David Nielsen, in his September 4th letter to the Free Press, informs us that the former Victoria Hospital building on South Street should be demolished. His reasons include lack of air conditioning, not enough floor space and possible violation of the fire code.

His most interesting reason, however, involves sloping floors. "If you had ever pushed a wheelchair there, you would quickly realize the building is sinking toward the river. By now, the floors may have sloped several inches to the south."

David says he used to work there but doesn't say in what capacity. Doctor? Janitor? Candystriper? Is he an expert on building codes? Did he quit nursing to go into architecture?

Question: Is a building with sloping floors inherently unsafe? If so, my elementary school in Prescott, Ontario should have been condemned years ago. The hallway had such a steep slope that you started Grade One about a foot higher than when you graduated from Grade Eight. I don't think the building was in danger of collapsing.
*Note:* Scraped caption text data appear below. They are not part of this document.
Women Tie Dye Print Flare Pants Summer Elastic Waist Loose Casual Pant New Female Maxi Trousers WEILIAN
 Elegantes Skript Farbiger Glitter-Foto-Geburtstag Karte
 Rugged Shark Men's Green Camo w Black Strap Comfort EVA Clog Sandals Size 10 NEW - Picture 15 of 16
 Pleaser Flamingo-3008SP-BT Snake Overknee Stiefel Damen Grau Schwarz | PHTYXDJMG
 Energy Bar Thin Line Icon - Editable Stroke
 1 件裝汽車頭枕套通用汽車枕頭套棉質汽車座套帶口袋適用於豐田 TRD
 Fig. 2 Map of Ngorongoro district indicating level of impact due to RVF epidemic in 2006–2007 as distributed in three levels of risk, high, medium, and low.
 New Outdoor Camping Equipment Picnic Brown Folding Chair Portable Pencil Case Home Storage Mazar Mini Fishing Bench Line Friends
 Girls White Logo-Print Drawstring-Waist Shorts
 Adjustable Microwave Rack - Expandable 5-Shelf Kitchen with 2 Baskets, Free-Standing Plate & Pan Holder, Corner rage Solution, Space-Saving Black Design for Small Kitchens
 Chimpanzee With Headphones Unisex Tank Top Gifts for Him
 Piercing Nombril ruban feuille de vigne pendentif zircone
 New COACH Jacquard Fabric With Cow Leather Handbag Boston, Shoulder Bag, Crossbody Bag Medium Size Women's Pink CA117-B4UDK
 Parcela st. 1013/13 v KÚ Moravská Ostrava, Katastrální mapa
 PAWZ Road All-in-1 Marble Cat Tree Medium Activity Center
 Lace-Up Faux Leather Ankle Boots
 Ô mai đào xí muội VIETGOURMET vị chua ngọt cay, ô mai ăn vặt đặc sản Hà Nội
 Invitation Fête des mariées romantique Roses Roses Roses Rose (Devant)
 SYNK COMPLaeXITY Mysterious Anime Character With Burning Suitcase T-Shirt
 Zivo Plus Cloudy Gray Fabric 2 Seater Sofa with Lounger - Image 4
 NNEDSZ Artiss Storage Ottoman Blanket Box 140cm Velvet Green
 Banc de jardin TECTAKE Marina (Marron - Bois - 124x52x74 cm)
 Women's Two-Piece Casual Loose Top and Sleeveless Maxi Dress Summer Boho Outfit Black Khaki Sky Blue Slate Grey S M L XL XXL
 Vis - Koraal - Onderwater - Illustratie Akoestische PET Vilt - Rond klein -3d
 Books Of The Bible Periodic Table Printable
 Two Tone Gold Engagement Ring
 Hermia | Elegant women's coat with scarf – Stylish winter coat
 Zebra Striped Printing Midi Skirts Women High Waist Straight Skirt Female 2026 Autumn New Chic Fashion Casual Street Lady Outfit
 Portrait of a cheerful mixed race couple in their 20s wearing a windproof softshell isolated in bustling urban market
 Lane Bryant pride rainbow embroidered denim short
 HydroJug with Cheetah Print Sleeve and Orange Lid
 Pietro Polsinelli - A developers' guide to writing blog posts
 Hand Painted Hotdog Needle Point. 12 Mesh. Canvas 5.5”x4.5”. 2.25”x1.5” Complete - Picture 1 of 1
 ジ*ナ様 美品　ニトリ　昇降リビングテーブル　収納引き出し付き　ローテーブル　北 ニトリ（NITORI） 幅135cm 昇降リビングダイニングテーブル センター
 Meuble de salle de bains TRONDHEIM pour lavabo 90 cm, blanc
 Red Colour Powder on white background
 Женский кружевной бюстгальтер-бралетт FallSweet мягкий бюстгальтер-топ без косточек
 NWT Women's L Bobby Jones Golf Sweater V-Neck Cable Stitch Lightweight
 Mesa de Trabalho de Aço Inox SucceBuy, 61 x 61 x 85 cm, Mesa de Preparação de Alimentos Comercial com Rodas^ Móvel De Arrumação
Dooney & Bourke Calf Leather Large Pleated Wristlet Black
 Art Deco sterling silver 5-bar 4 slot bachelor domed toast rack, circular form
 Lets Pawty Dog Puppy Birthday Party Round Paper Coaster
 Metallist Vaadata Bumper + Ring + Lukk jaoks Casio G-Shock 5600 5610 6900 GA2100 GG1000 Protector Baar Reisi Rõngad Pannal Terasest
Granted, the school was a bungalow and nowhere near a river.

But what about all those medieval buildings you see in Britain and Europe, the ones standing at rakish angles, leaning over, looking a little drunk? I've seen streets in English villages where every house must have sloping floors. I slept in a 15th century B&B in Cambridgeshire where the foot of the bed was lower than the pillows.

Of course all these buildings are shored up, well looked after, not abandoned and ignored. And that's the main difference between them and South Street. Leave any building empty and its problems will quickly grow worse. That's the real reason South Street may be past saving - not because its floors are sloping but because the City of London is once again practising demolition by neglect.